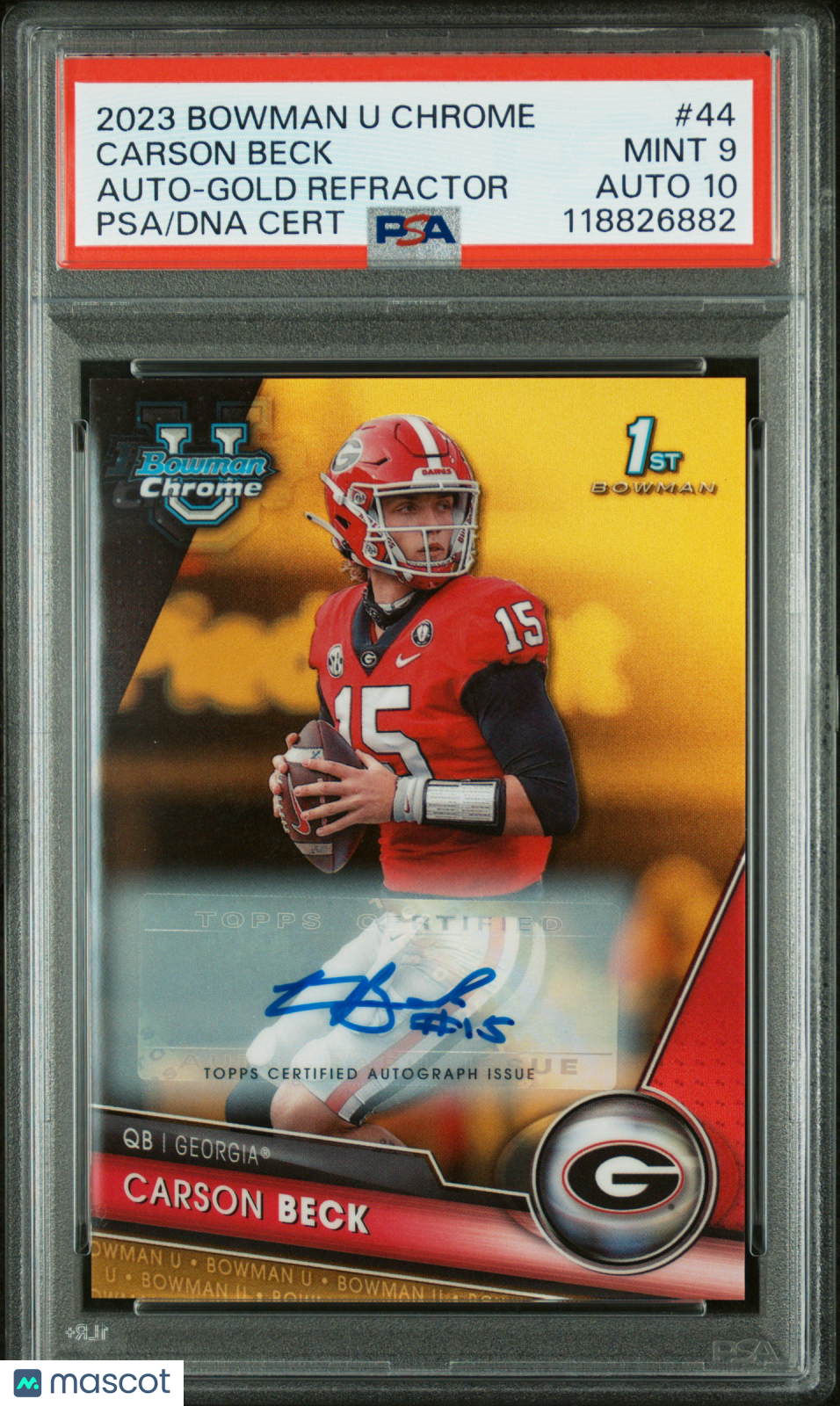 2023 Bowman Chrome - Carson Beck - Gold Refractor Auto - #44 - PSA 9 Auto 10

※ ※ ※

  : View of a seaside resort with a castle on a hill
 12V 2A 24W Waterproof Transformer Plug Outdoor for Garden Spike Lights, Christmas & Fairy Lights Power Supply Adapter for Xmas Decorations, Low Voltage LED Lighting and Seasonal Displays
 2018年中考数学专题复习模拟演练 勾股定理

※ ※ ※

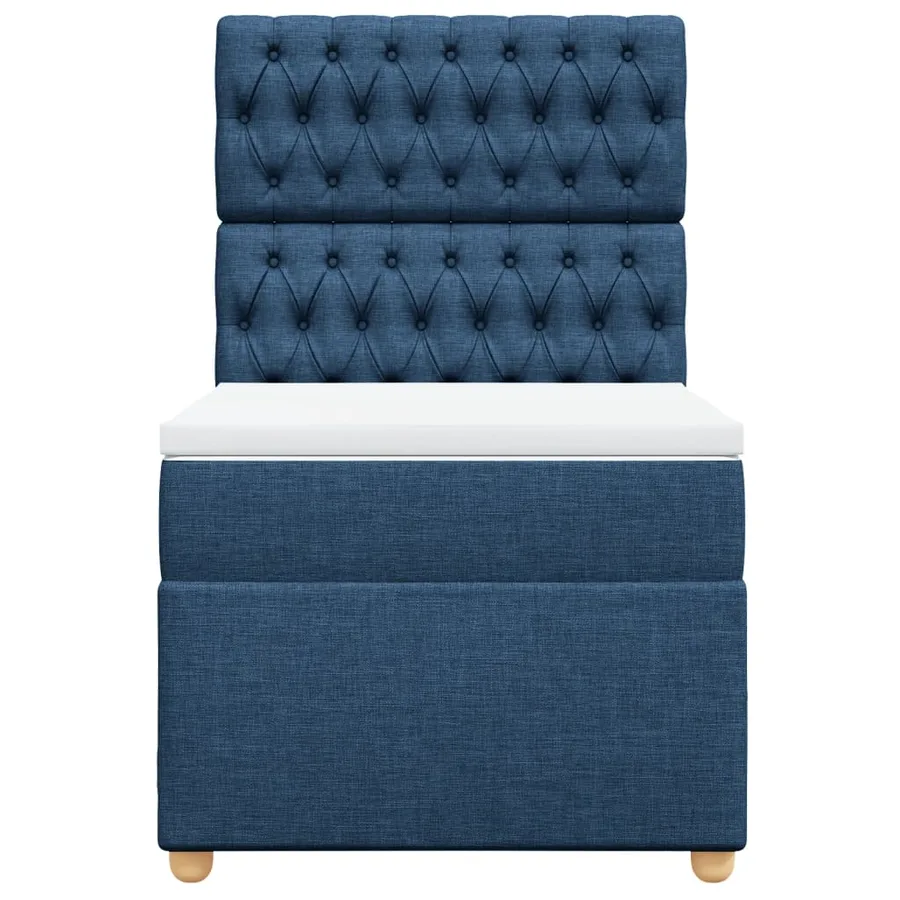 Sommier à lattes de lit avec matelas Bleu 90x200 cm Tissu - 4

※ ※ ※

§ **Exercise description**:
Could you write out, exactly as they stand, only the lines above that begin at the line with "castle on a hill" and stop after the line with "2018年中考数学专题复习模拟演练 勾股定理"?

§ **Output of the exercise**:
  : View of a seaside resort with a castle on a hill
 12V 2A 24W Waterproof Transformer Plug Outdoor for Garden Spike Lights, Christmas & Fairy Lights Power Supply Adapter for Xmas Decorations, Low Voltage LED Lighting and Seasonal Displays
 2018年中考数学专题复习模拟演练 勾股定理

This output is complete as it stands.